In March 2012, Jim O’Regan sent us an implementation of Ljiljana Dolamic's Czech stemmer. This was only on the website for many years, but finally got merged in Snowball 3.1.0 in 2026.
The merged version is based on Jim's, but resolves discrepancies between it, the original paper (linked above), and the light and aggressive Czech stemmers from UniNE which are also by Ljiljana Dolamic. We have made significant further improvements after evaluating our stemmer on a Czech vocabulary list.
We've chosen the "light" versions of Dolamic's and O’Regan's stemmers as our starting point. The other Snowball stemmers are generally light rather than aggressive, and Dolamic's aggressive variant is reportedly known to overstem.
We've focussed on stemming noun forms by removing case suffixes and possessive suffixes. There's significant overlap in Czech noun and adjectival suffixes, and some overlap with verbs, so many adjectives and some verbs are also handled.
Like most of the other Snowball stemmers, the Czech stemmer defines an R1 region to reduce overstemming. The definition of R1 used for Czech is similar to that for other languages, but also takes into account syllabic consonants: in Czech, an r and l between two consonants, or after a consonant at the end of a word, can act as a syllable nuceleus in place of a vowel.
For example, vlna (wool) has declension vlna, vlny, vlne, vlnu, vlne, vlnou and we want R1 to start right after vln.
Some sources say m and/or n can also act in this way, but these seem to be extremely rarely used in practice, and including them actually causes a false conflations while almost never helping, so our stemmer only considers r and l as special for determining R1.
R1 is also required to start at least 3 characters into the word which helped to reduce overstemming in our tests.
(The stemmer in the paper and the UniNE versions both enforce a minimum stem length using a simple character count; Jim's Snowball version uses defines a region R1, but his definition doesn't take into account syllabic consonants.)

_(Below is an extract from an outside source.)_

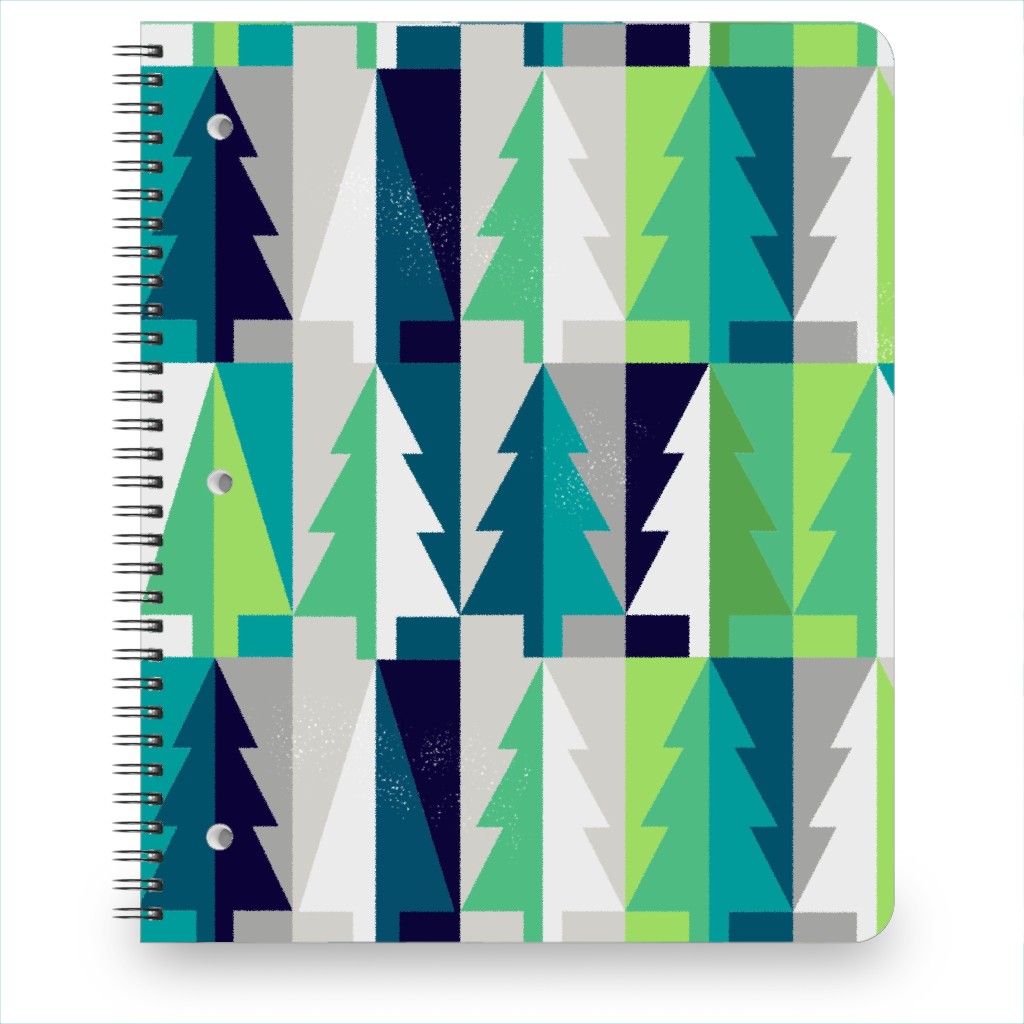 Winter Pine Tree Forest - Green Notebook, 8.5x11, Green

A hard final consonant in the word stem is softened before certain suffixes, which is reflected in how written words are spelled. For example kluk + -i → kluci. Ideally we want to reverse this when removing such a suffix, but this is tricky because the word stem could end in c - for example, vejce + -i → vejci. In some cases (such as vejci) we can safely make <vejk our stem - it's linguistically incorrect, but doesn't collide with the stem of an unrelated word. In some other cases we don't palatalise a trailing consonant because our testing suggested it hindered more than it helped.
(The stemmer in the paper, the UniNE versions, and Jim's Snowball version all palatalise in more cases.)
For nouns in which the stem ends with a consonant group, a floating -e- is usually inserted between the last two consonants in cases with no ending. For example, zámku and zámek. Our stemmer removes this in most cases, so both of these stem to zámk. (This is not done by the other stemmer versions.)
Sometimes a vowel changes in the word stem when adding certain suffixes - for example, the genitive plural of smlouva is smluv. This seems to be hard to reverse without affecting words where the vowel hasn't changed, so our stemmer does not currently try to do anything special for such words (nor do the other versions).
routines (
R1
palatalise_e
palatalise_i
mark_regions
possessive_suffix
case_suffix
)
externals ( stem )
integers ( p1 x )
groupings ( env_ending ev_ending v v_or_syllabic_c )
stringescapes {}
stringdef a' '{U+00E1}' // á
stringdef cv '{U+010D}' // č
stringdef dv '{U+010F}' // ď
stringdef e' '{U+00E9}' // é
stringdef ev '{U+011B}' // ě
stringdef i' '{U+00ED}' // í
stringdef nv '{U+0148}' // ň
stringdef o' '{U+00F3}' // ó
stringdef rv '{U+0159}' // ř
stringdef sv '{U+0161}' // š
stringdef tv '{U+0165}' // ť
stringdef u' '{U+00FA}' // ú
stringdef uo '{U+016F}' // ů
stringdef y' '{U+00FD}' // ý
stringdef zv '{U+017E}' // ž
define v 'aeiouy{a'}{ev}{e'}{i'}{o'}{u'}{uo}{y'}'
// Some consonants in Czech can be syllabic - if these occur between two other
// consonants then they act in a vowel-like way and it is helpful to include
// them in the definition of R1.
//
// Some sources also list 'm' and 'n' as syllabic consonants for Czech but they
// seem to be much rarer and including them makes no difference to the results
// of stemming any words in our sample vocabulary list. Checking on a larger
// vocabulary list (also from wikipedia but with a lower cut-off frequency)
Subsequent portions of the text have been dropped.